- _Directions for this task_:
Below is some data. Retype exactly the lines starting at the one with "Ugandan filmmakers and" and ending at the one with "تعمیرات تخصصی یخچال".

--- Supplied information ---

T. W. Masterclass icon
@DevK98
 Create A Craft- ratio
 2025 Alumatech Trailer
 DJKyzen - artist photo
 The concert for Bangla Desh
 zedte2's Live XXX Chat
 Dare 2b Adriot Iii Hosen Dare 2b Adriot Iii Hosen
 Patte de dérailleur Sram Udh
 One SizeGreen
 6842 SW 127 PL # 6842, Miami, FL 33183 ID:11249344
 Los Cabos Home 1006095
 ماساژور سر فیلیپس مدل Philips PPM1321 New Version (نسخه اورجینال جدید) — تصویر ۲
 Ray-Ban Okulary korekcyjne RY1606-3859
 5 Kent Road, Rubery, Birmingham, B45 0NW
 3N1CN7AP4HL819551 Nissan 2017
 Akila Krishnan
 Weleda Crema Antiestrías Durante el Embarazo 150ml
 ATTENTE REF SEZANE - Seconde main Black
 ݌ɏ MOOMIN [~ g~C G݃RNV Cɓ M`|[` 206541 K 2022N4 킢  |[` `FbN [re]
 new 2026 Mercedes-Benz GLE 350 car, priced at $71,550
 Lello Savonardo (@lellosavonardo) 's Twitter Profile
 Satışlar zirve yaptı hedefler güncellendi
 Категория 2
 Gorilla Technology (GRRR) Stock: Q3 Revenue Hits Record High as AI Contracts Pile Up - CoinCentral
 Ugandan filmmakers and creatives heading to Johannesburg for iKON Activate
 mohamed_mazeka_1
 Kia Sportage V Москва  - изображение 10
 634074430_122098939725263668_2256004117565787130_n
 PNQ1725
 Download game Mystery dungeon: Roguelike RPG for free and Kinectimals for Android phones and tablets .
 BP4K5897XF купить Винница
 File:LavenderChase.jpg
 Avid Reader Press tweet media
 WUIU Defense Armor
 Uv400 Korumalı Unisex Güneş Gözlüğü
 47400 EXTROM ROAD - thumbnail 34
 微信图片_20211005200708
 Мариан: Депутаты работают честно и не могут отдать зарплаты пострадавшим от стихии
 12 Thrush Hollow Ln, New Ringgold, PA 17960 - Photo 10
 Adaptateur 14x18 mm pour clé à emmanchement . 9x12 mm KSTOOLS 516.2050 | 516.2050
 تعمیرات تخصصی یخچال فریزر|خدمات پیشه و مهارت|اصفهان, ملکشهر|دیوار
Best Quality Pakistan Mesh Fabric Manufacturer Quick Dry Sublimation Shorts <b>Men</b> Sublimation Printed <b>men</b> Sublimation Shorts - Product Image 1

---

- _Completed task_:
 Ugandan filmmakers and creatives heading to Johannesburg for iKON Activate
 mohamed_mazeka_1
 Kia Sportage V Москва  - изображение 10
 634074430_122098939725263668_2256004117565787130_n
 PNQ1725
 Download game Mystery dungeon: Roguelike RPG for free and Kinectimals for Android phones and tablets .
 BP4K5897XF купить Винница
 File:LavenderChase.jpg
 Avid Reader Press tweet media
 WUIU Defense Armor
 Uv400 Korumalı Unisex Güneş Gözlüğü
 47400 EXTROM ROAD - thumbnail 34
 微信图片_20211005200708
 Мариан: Депутаты работают честно и не могут отдать зарплаты пострадавшим от стихии
 12 Thrush Hollow Ln, New Ringgold, PA 17960 - Photo 10
 Adaptateur 14x18 mm pour clé à emmanchement . 9x12 mm KSTOOLS 516.2050 | 516.2050
 تعمیرات تخصصی یخچال فریزر|خدمات پیشه و مهارت|اصفهان, ملکشهر|دیوار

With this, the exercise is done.